Indeed, some believe that Chechen republic leader Ramzan Kadyrov, himself a former Islamist insurgent turned Russian state hireling, saw the rise of ISIS as a convenient opportunity to solve his own domestic terrorism problem by exporting it to the Middle East—an allegation that has already been leveled with increasing evidence against Russia’s security services, writ large.
Elena Milashina, a reporter for Russia’s investigative opposition newspaper Novaya Gazeta, concluded in 2015, based on field research in Dagestan, that “Russian special services have controlled” the flow of jihadists into Syria in the lead-up to the 2014 Sochi Winter Olympics, when the Kremlin feared a terror atrocity would scandalize the international sporting competition it spent so many millions of rubles hosting. “In our village there is a person, a negotiator,” Akhyad Abdullaev, the head of a Dagestani village, told Milashina. “He, together with the FSB, brought several leaders out of the underground and sent them off abroad on jihad.”
The FSB’s so-called “green corridor” for transiting these violent fighters, as The Daily Beast reported, included helping them to obtain passports and other necessaries to migrate to Turkey and/or Georgia, and then ultimately to Syria. The belief was that they’d either be killed on a foreign battlefield and thus become one less headache for law enforcement to worry about, or they’d be picked up upon their return home. One unnamed FSB officer confirmed this policy to the International Crisis Group: “We opened borders, helped them all out and closed the border behind them by criminalizing this type of fighting. If they want to return now, we are waiting for them at the borders.”
A year later, in May 2016, Reuters also, “identified five other Russian radicals who, relatives and local officials say, also left Russia with direct or indirect help from the authorities and ended up in Syria.”
Many Russian-speaking jihadists have gone on to positions of great prominence in the organization.
The most infamous was ISIS’s former “war minister” Abu Omar al-Shishani, a half-Chechen Georgian national and former U.S.-trained special forces operator in the Georgian military who fought against Russia in the 2008 “summer war.”
Shishani was killed in a U.S. airstrike in July 2016. (One of his top confidants was Abu Jihad, Akhmed Chatayev’s YouTube video co-star.)
Shishani’s anointed successor, Colonel Gulmurod Khalimov, is the former head of Tajikistan’s special police force. He was trained by U.S. State Department counterterrorism officials and has threatened to use the skills they taught him against the United States. “Listen, you American pigs. I’ve been three times to America, and I saw how you train fighters to kill Muslims.

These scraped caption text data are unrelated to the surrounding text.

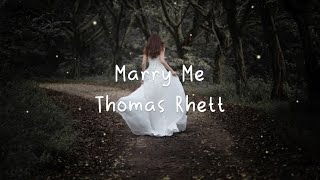 Thomas Rhett - Marry Me (Lyrics)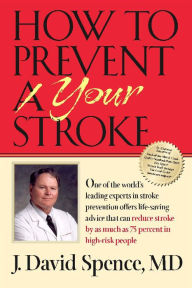 Title: How to Prevent Your Stroke, Author: J. David Spence MD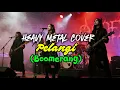 Download Lagu Boomerang 🎸PELANGI 🎸 (Heavy Metal Cover)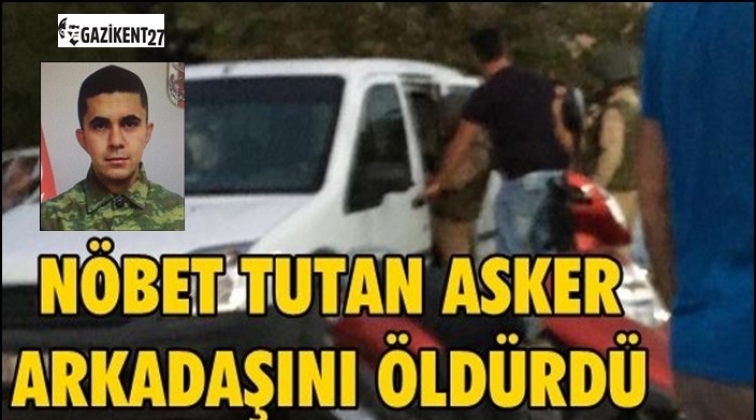 Gaziantep'te asker kaza kurşunuyla şehit oldu!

God willing, I will come with this weapon to your cities, your homes, and we will kill you,” Khalimov said in a propaganda video.
Meanwhile, as The Daily Beast reported last month, Russian President Vladimir Putin’s favorite Chechen, Ramzan Kadyrov—perhaps tacitly acknowledging that it wasn’t enough to ship out jihadists, and may not be possible to nab them when they head home—has sent hit teams to try to track them down in Syria.
If they were on the trail of the Istanbul nightclub killer, they arrived far too late.